What you're seeing with Lenovo is a company that's riding a core business---laptops and PCs---but working on key growth engines in mobile and the enterprise. On the enterprise front, Lenovo formed a joint venture with EMC. The payout? Macquarie analyst Jiong Shao estimates that the EMC-Lenovo venture will deliver $2 billion in revenue a year in three years.

Add it up and Lenovo aims to bundle storage with its server market share of 15 percent in China. Lenovo is the largest domestic server maker in China.

Lenovo's diversifications efforts are part of its goal to become a "leading PC Plus company."

In the meantime, Lenovo can ride PCs for a few years. Lenovo CFO Wong Wai Ming said:

Despite uncertainties in the global economic conditions impacting the PC market growth in the short term, we will remain focused to outperform the worldwide PC market in a profitable way. We have continuously achieved that over the last few years and remain confident to continue such trend. We execute our Protect and Attack strategy well.

Our core PC business is performing well and our strategic investment in Mobile Internet have started contributing to the Group growth in sales and improved profitability.

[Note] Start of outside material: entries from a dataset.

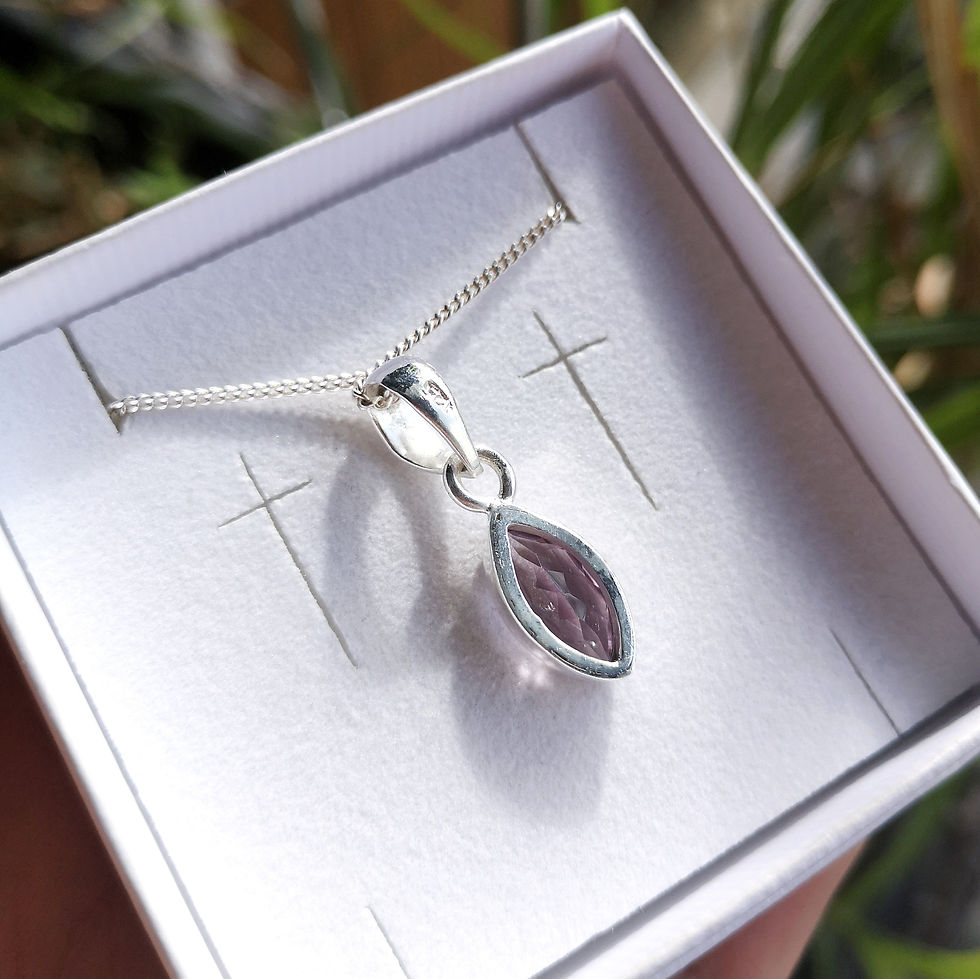 Miniaturbild: Amethyst facettiert Edelstein Anhänger - 925 Silber - Unikat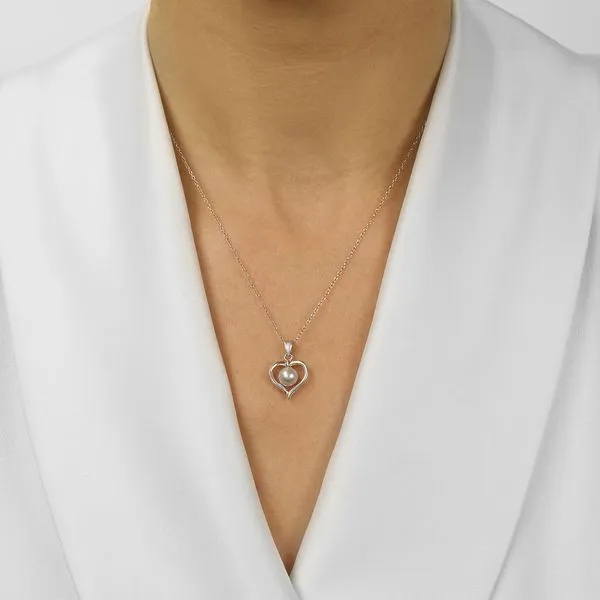 Cultured Silver Gray Pearl Ribbon Heart Pendant Image 2 SVS Fine Jewelry Oceanside, NY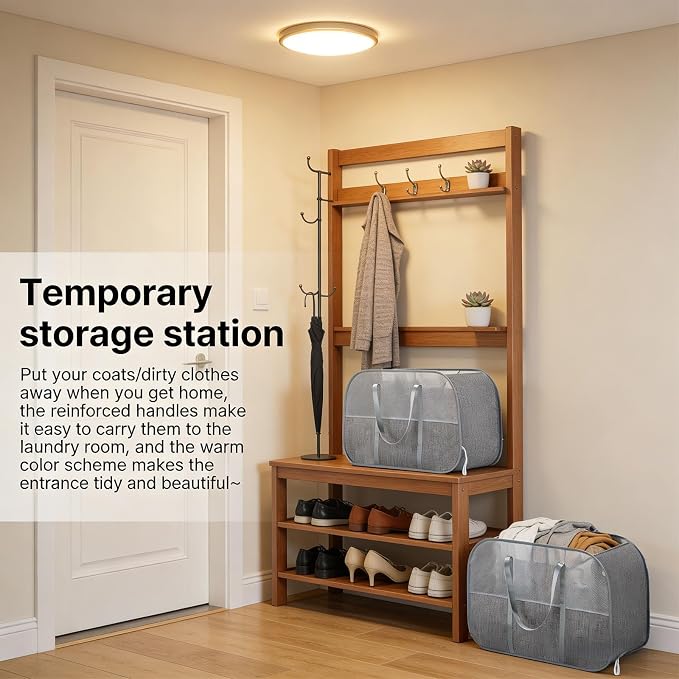 ６Pack Collapsible Laundry Baskets, Pop Up Mesh Laundry Hamper - Image 9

New products in ultrabook and the new Windows 8 operating system will help drive demand later this year. That will also benefit us. We will stay focused on balancing the cost initiatives and growth opportunities. We will continue to invest in core competence building, product innovation and promotion, especially to ensure successful launch of new products related to Win 8 and ultrabooks, and also new mobile Internet home products.